A Dinâmica das Negociações e a Intervenção Judicial

A mesa de negociações tem sido palco de intensos debates. Na última segunda-feira (6), houve um pequeno avanço por parte das empresas, que elevaram sua proposta de reajuste do Índice de Preços ao Consumidor Amplo (IPCA) de 4,39% para 4,5%. Contudo, esse percentual ainda está aquém das expectativas e das recomendações. O Tribunal Regional do Trabalho da 1ª Região (TRT 1) e o Ministério Público do Trabalho (MPT) intervieram, solicitando às empresas que apresentem uma nova oferta que alcance, no mínimo, 5% de reajuste. Essa sugestão toma como base o índice já concedido aos rodoviários de Nova Iguaçu e Duque de Caxias, na Baixada Fluminense, buscando um patamar de equidade para a categoria na capital.

Pautas Salariais e Flexibilização das Propostas da Categoria

As reivindicações iniciais dos rodoviários são ambiciosas, visando uma valorização significativa dos pisos salariais. A proposta original pleiteava um piso de R$ 5 mil para motoristas de veículos articulados, como os do BRT, e R$ 4 mil para os demais. Para repor perdas inflacionárias e recuperar o poder de compra, a categoria propôs inicialmente um reajuste salarial de 17%, a ser pago em duas parcelas: 8% em julho e 8,5% em novembro.

Demonstrando abertura para o diálogo, a assembleia desta terça-feira aprovou uma flexibilização nos pedidos. O índice de reajuste salarial global foi ajustado de 17% para 12%, também a ser aplicado em duas parcelas. Além do reajuste, os rodoviários também buscam a concessão de um tíquete alimentação no valor de R$ 1 mil, reforçando a busca por melhores condições de vida para os profissionais do setor.

O Contexto Histórico do Movimento e as Demandas Ampliadas

A insatisfação que culminou no atual estado de greve não é recente. Os rodoviários iniciaram um movimento paredista no dia 29 de junho, evidenciando uma série de demandas que vão além do simples reajuste inflacionário.

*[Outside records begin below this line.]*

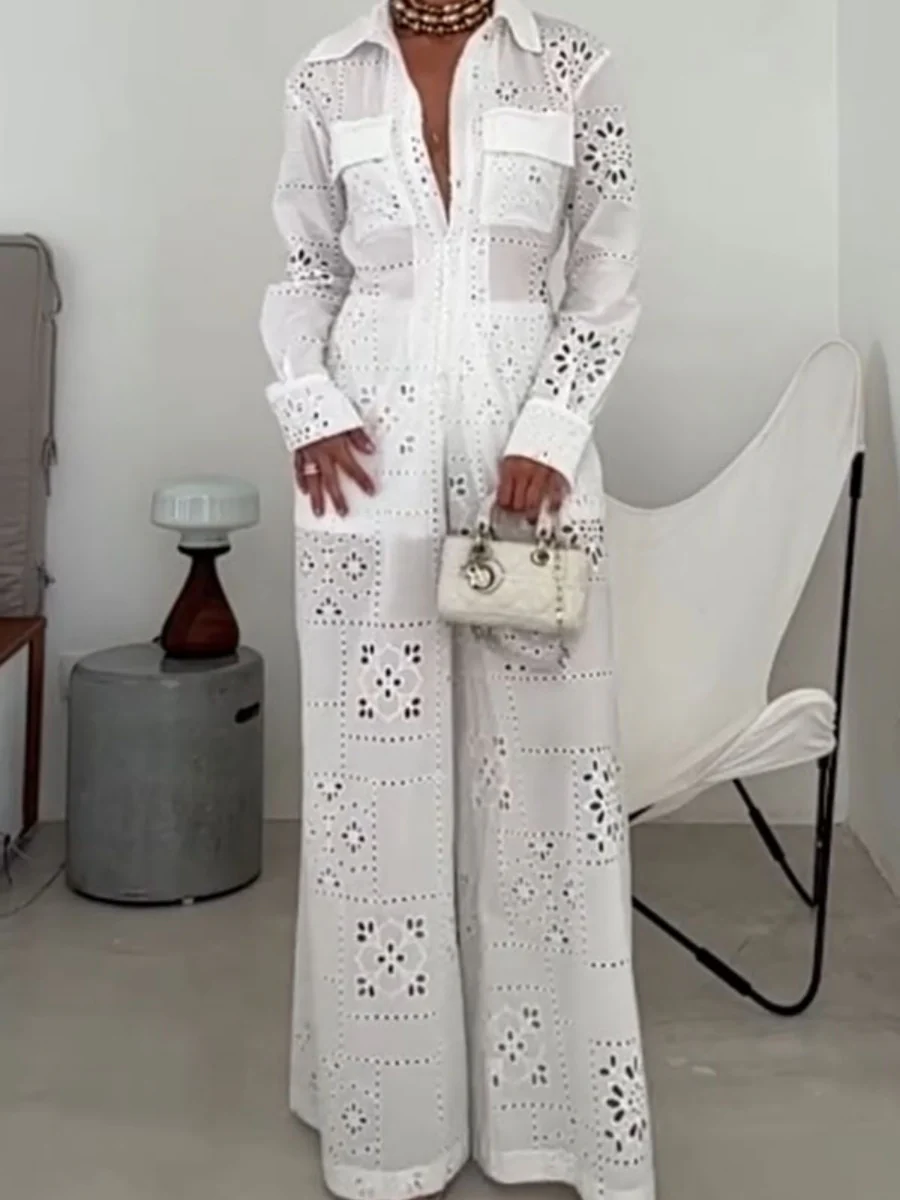 Hollow Applique Straight-leg Vacation Jumpsuit - Image 6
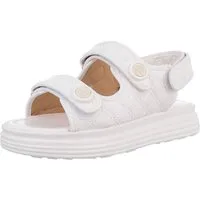 Ital-Design Komfortable Sandalen mit verstellbaren Riemen Riemchensandalette (89322983) Flach Plateausandaletten in Weiß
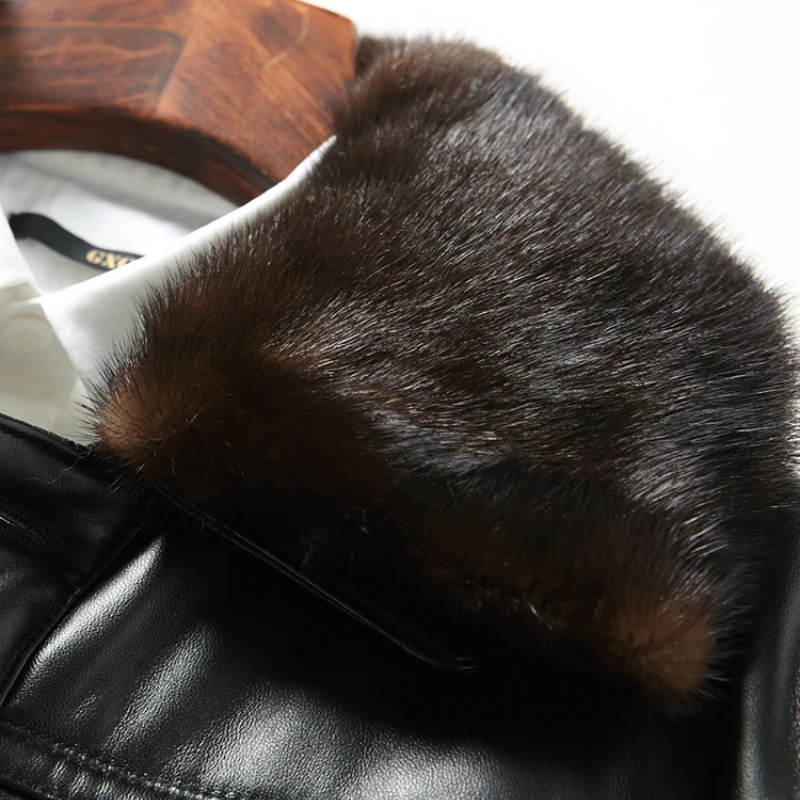 Куртка из натуральной кожи Мужская парка натуральный мех норки классическое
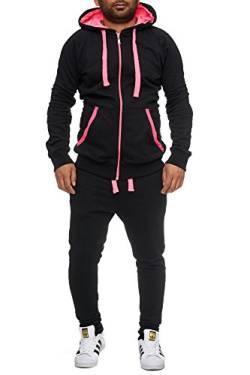 Violento Herren Trainingsanzug 704 (S, Schwarz-Rose) von Violento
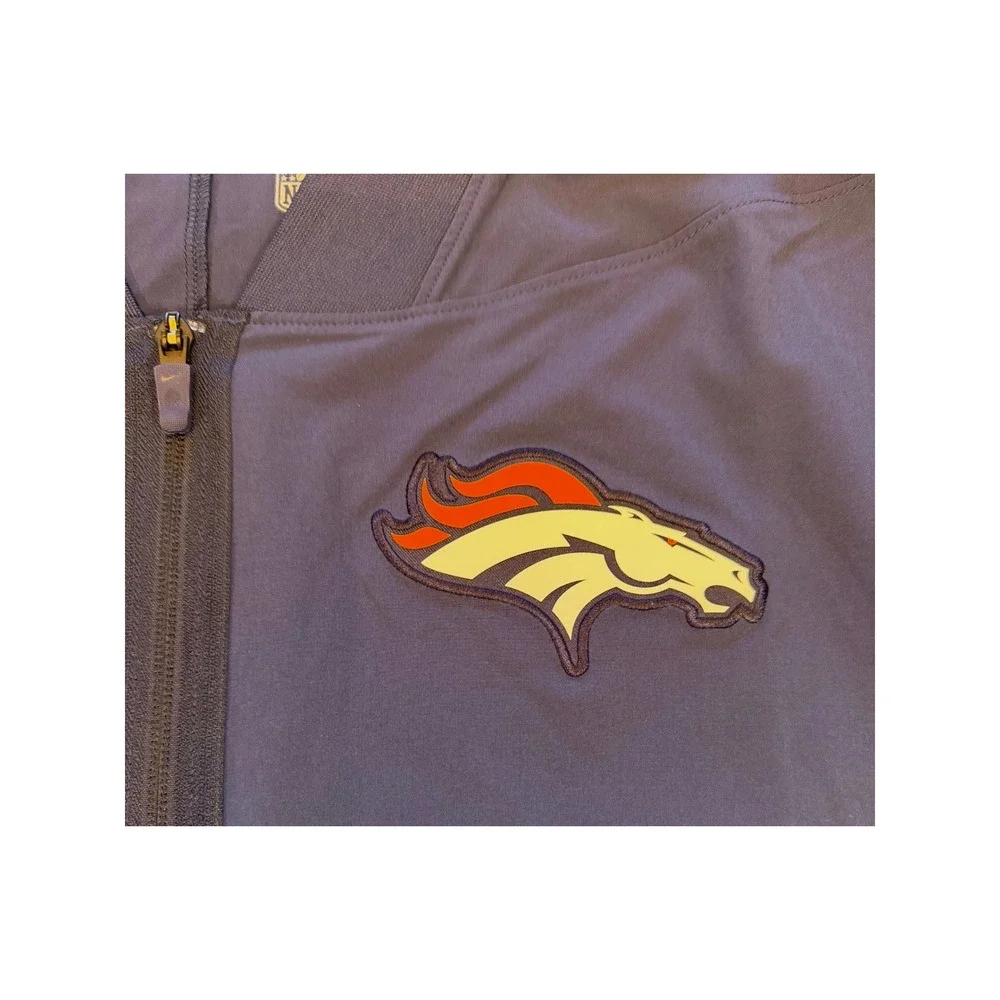 Team Issued Nike Denver Broncos Mens Large Navy Blue Quarter Zip Short Sleeve
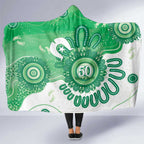 NAIDOC Week 2026 Hooded Blanket 50 Years Deadly Dhari Green Aboriginal Art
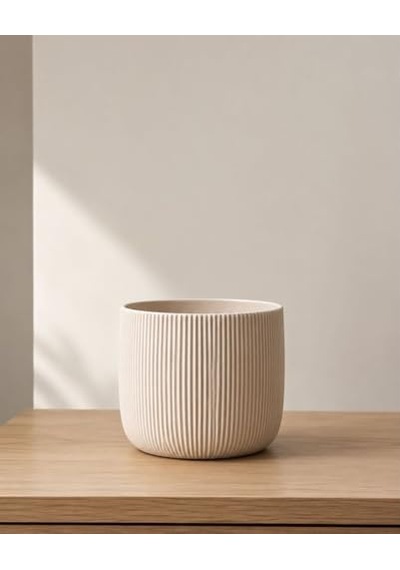 Modern Çizgili Saksı, Beyaz, 12x15 Cm, Masaüstü İç Mekan Dekoratif Çiçek Saksısı Pla 3d Baskı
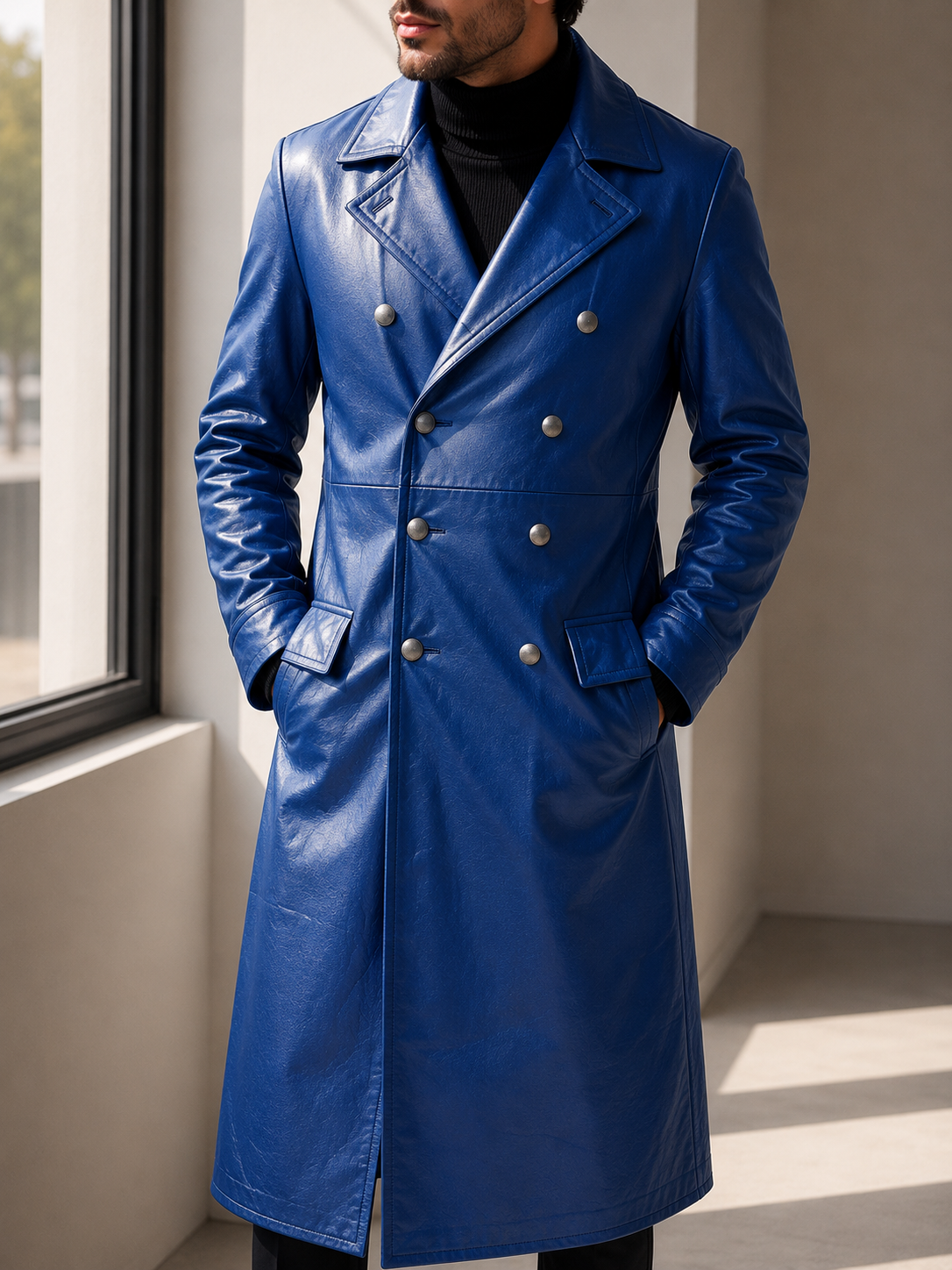 Kythnos Double-Breasted Leather Overcoat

Entre as principais bandeiras da categoria, destacam-se a valorização dos pisos salariais, a ampliação de benefícios gerais e, notavelmente, a exigência do pagamento do intervalo para refeição como hora extraordinária. Esses pontos refletem a busca por melhores condições de trabalho e o reconhecimento da jornada exaustiva e da importância do serviço prestado à sociedade.

Expectativas para o Encontro Decisivo

Com o estado de greve mantido e a flexibilização das propostas, todas as atenções se voltam para a rodada de negociações desta quarta-feira. O encontro será crucial para determinar o futuro do transporte público na cidade, com a expectativa de que as partes cheguem a um consenso que atenda às justas reivindicações dos trabalhadores sem comprometer a estabilidade do sistema. A comunidade aguarda um desfecho positivo, que garanta tanto a valorização da categoria quanto a continuidade dos serviços essenciais de mobilidade urbana.